Headline on the Denver Post Web site this morning:
“Ritter signs bills to end tax breaks, help balance budget.”
Are we looking at bias here? The Gazette trends right, the Post trends left. Do the headlines mirror the editorial positions of the newspapers?
I doubt it. Both headlines are factual and defensible, if not absolutely even-handed. And ideology has little to do with the craft of headline writing. If you think it’s hard to write a pithy tweet, or to compose a graceful haiku, try summarizing an 800-word story in five to nine words. It’s a delightful craft, one which can only be mastered by long practice. “Hicks nix stix flix” and “Headless body in topless bar” – two examples of reality providing an occasion for genius to meet inspiration.
But for folks who believe that daily newspaper coverage is driven by political agendas, grudge-settling and hidden biases, there’s always evidence of slanted coverage – just as there’s abundant evidence that Denver International Airport is the site of a vast, hidden secret guv’mint project, complete with subterranean tunnels to Cheyenne Mountain.
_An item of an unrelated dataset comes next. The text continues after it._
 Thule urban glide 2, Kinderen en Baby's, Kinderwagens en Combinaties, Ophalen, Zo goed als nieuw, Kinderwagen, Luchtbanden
But it does appear that the Gazette has in fact launched a secret project aimed at uncovering the shenanigans of certain powerful folks in our community.
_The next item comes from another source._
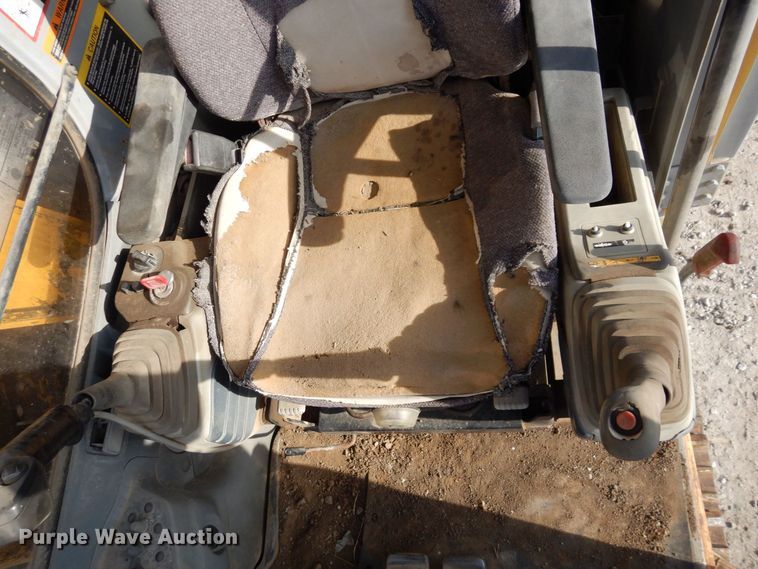 image for item DR8064 1997 John Deere 120  excavator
A couple of months ago, the G assigned a new reporter to cover the County Commission and, it appears, to report upon the antics of a certain Douglas Bruce.
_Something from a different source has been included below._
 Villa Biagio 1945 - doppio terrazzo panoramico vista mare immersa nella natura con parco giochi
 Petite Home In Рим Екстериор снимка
Eileen Welsome has the kind of unthreatening persona that is so valuable to an investigative reporter. She’s quiet, persistent and unrelenting. She’s already written some great pieces about the county, and has so annoyed the commissioners that Gazette editor Jeff Thomas has had to endure a meeting with at least one indignant elected official.
But it seems that neither the Dougster nor our eminent elected officials have bothered to Google Welsome. One commissioner characterized her as “not understanding anything,” and ”asking lots of ignorant questions,” and “filing all these CORA (Colorado Open Records Act) requests.”
But maybe she understands more than the commissioners give her credit for – and maybe her employer is expecting great things from her.
A few years back, Welsome won the Pulitzer Prize for national reporting while working as a reporter for the Albuquerque Tribune. The series of stories covered the experience of Americans who were unknowingly research subjects of government radiation experiments, according to the Pulitzer Prize Web site.
To find that the “G” has hired Welsome as a beat reporter is a little surprising. It’s as unlikely as seeing Jeff Beck lay down riffs with the local boys at Southside Johnny’s … but maybe it’s just a sign of the times.
After all, if the music business were as problematic as the newspaper industry, our local garage band would be fronting Clapton, not Beck.